» **Exercise instructions**: Copy nothing but the lines below, from the one with "Stay At Home" through the one with "Green Woven Art Silk Saree Set - Indya", exactly as written; no pictures should appear.

» **Working data**:
· · · · ·

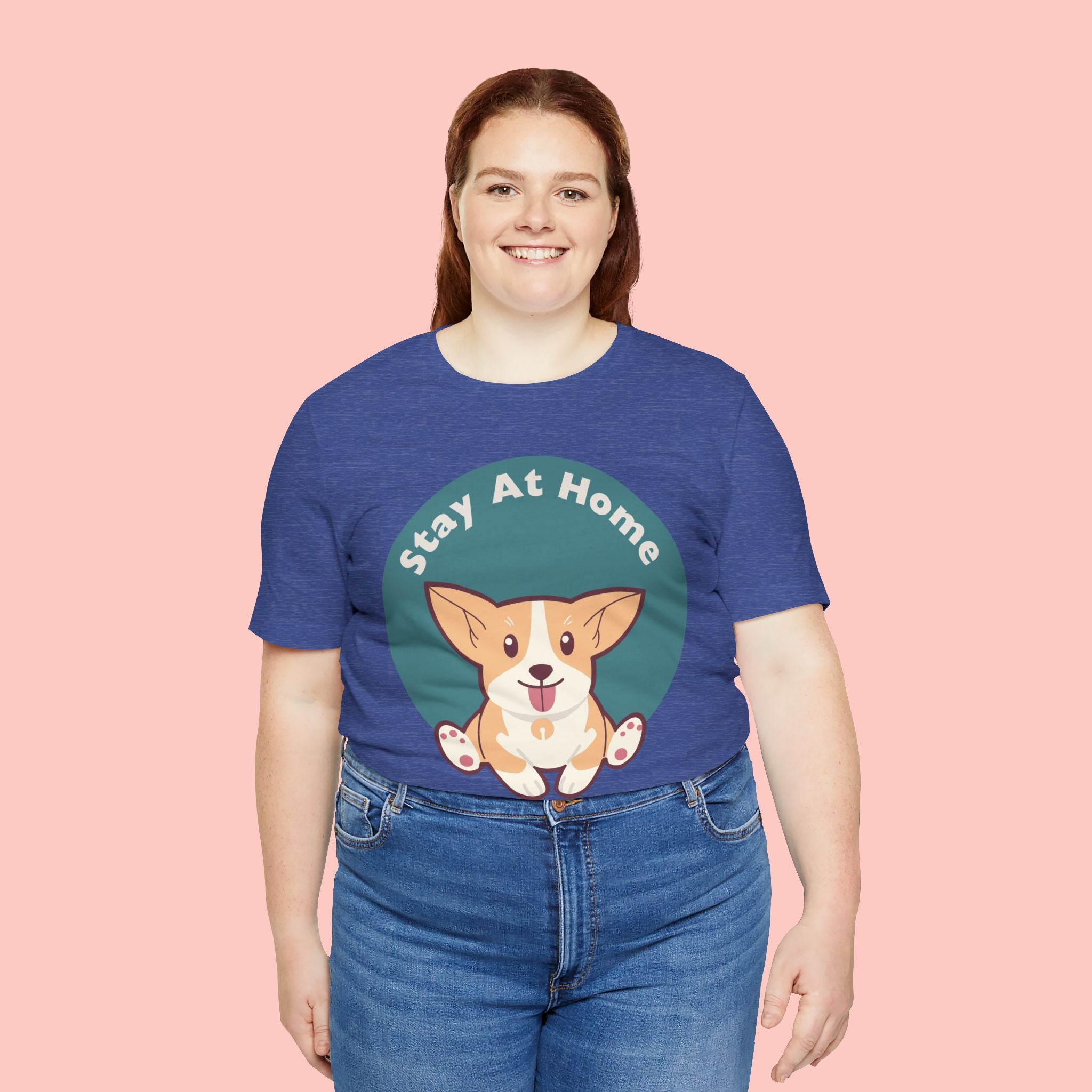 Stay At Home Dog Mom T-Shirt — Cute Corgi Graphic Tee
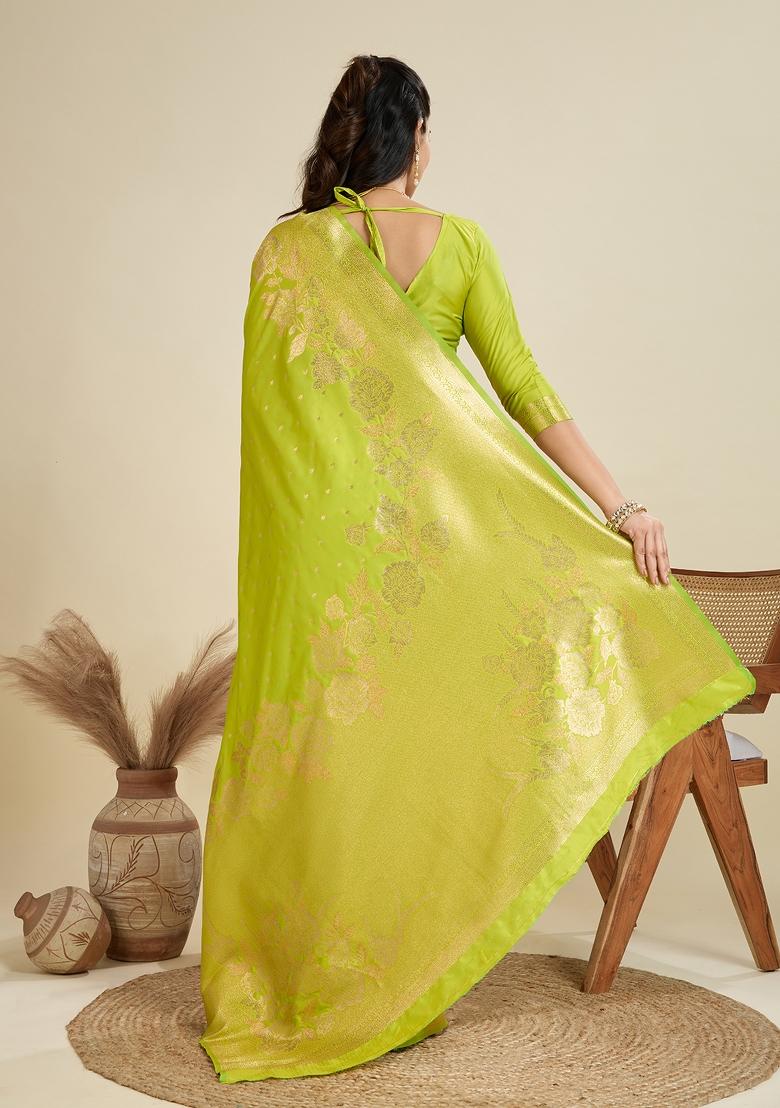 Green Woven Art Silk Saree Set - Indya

· · · · ·

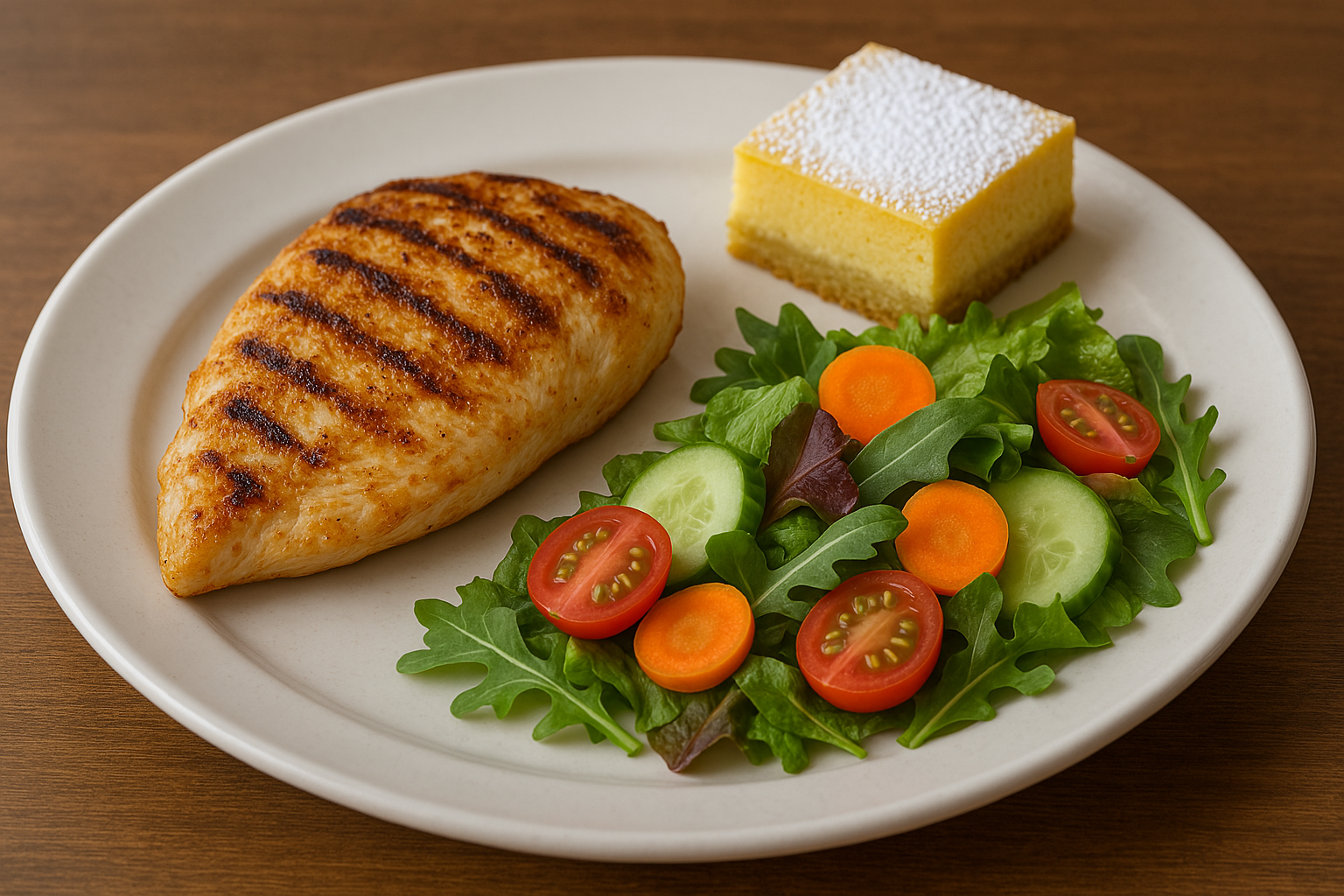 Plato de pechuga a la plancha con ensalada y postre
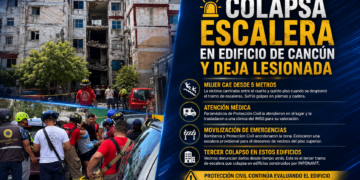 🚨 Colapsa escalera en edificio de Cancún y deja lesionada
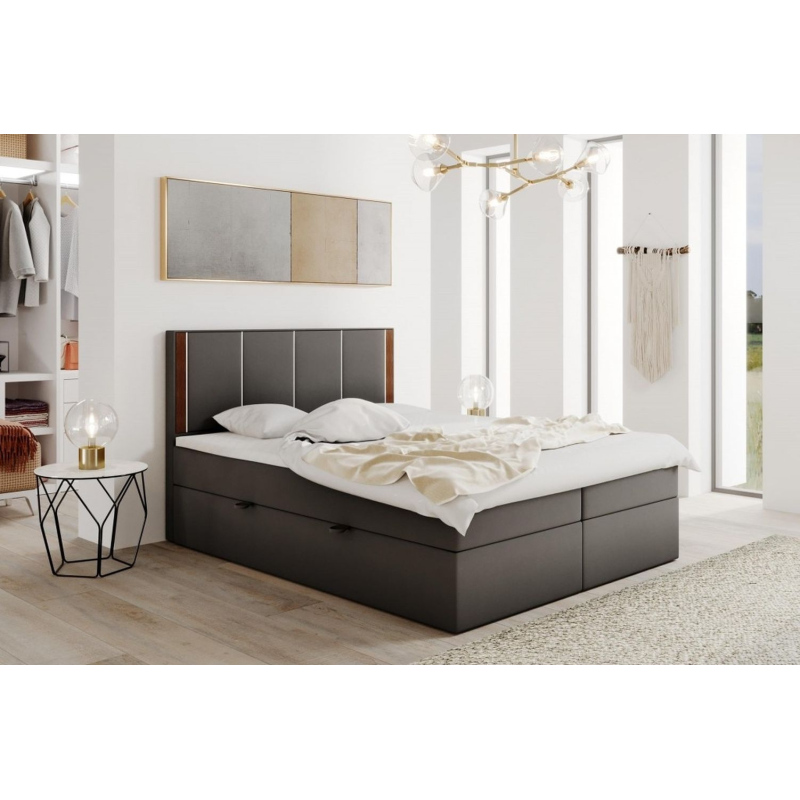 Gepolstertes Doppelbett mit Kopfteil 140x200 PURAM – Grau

· · · · ·

» **Answer to this task**:
 Stay At Home Dog Mom T-Shirt — Cute Corgi Graphic Tee
 Green Woven Art Silk Saree Set - Indya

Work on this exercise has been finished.